Real computers have only a finite number of states, so what is the relevance of Turing machines to real computers?

Why is the finite automata model not enough?

While other answers have already mention many relevant aspects, I believe that the stronges advantage of Turing machines over finite automata is the separation of data and program. This allows you to analyze a quite finite program and make statements about how that program would handle different inputs, without restricting the size of the input.

While it is theoretically possible to describe both an actual computer and something like a Turing machine with finite tape as a state machine, that is not really feasible: the number of states is exponential in the amout of memory your machine has, and the general finite state automaton formalism requires you to explicitely list the transitions between these states. So for a general finite state automaton of that size it's quite infeasible to make any deductions based on a full enumeration of all state transitions.

Of course, in a real computer, states transitions can't happen arbitrarily.

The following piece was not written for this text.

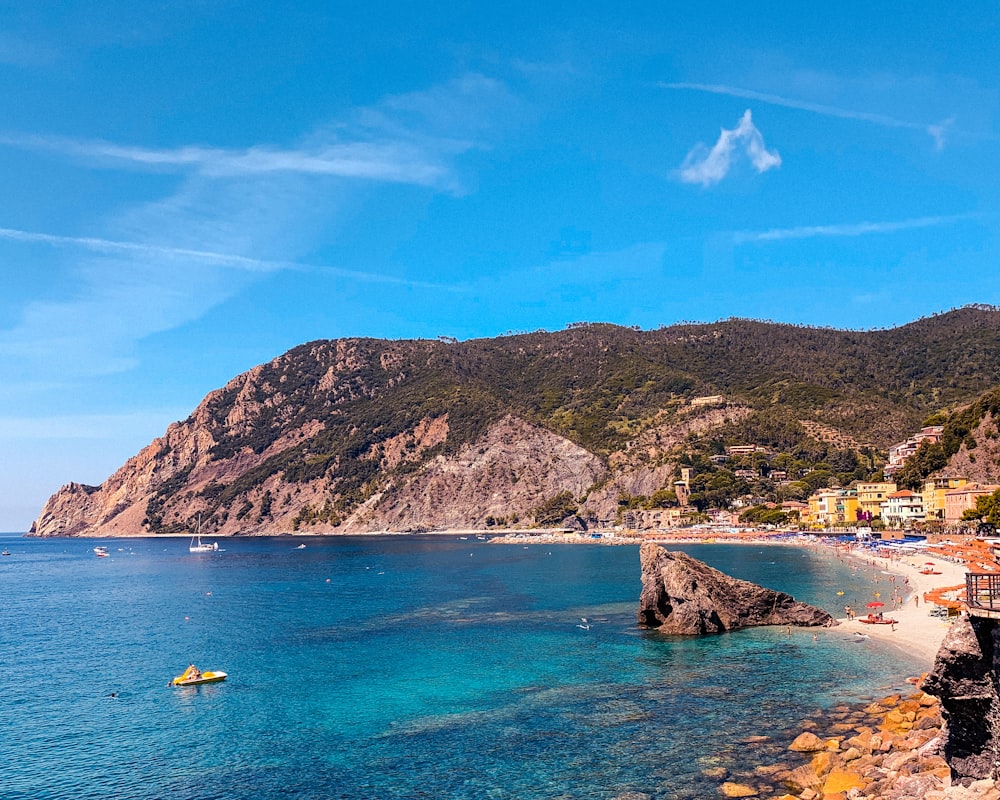 persone che cavalcano in barca sul mare vicino alla montagna sotto il cielo blu durante il giorno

There is no command to swap a third of the bits in memory in a single step of the computation. So you could try to come up with a more compact specification for the state transitions. Something like the instruction set specification of your architecture. Of course, real computer architectures are complicated for the sake of performance, so you could simplify this further, to some very simple instruction set, which just performs very small steps using very limited input and output. In the end you may find that your architecture resembles something like a Turing machine interpreter: using some bits of program code and one bit of input, generate a bit of output and move around in your program code.

One alternative would be using the states of a finite state automaton just to represent the data being processed by the program, while encoding the program itself into the state transitions. That would entail the same problem of how to enumerate all states, and a compact representation might again be close to what a Turing machine does.

What is the point of studying these much stronger models with respect to real computers?

On the whole I'd say that a finite-tape Turing machine would probably be a better model for actual computers. But for many scientific questions, the distinction between a finite but large and an infinite tape is irrelevant, so just claiming an infinite tape makes things easier. For other questions, the amout of tape used is at the core of the question, but the model easily allows you to speak about the amount of tape usage without the hassle of specifying what happens if the computation runs out of tape.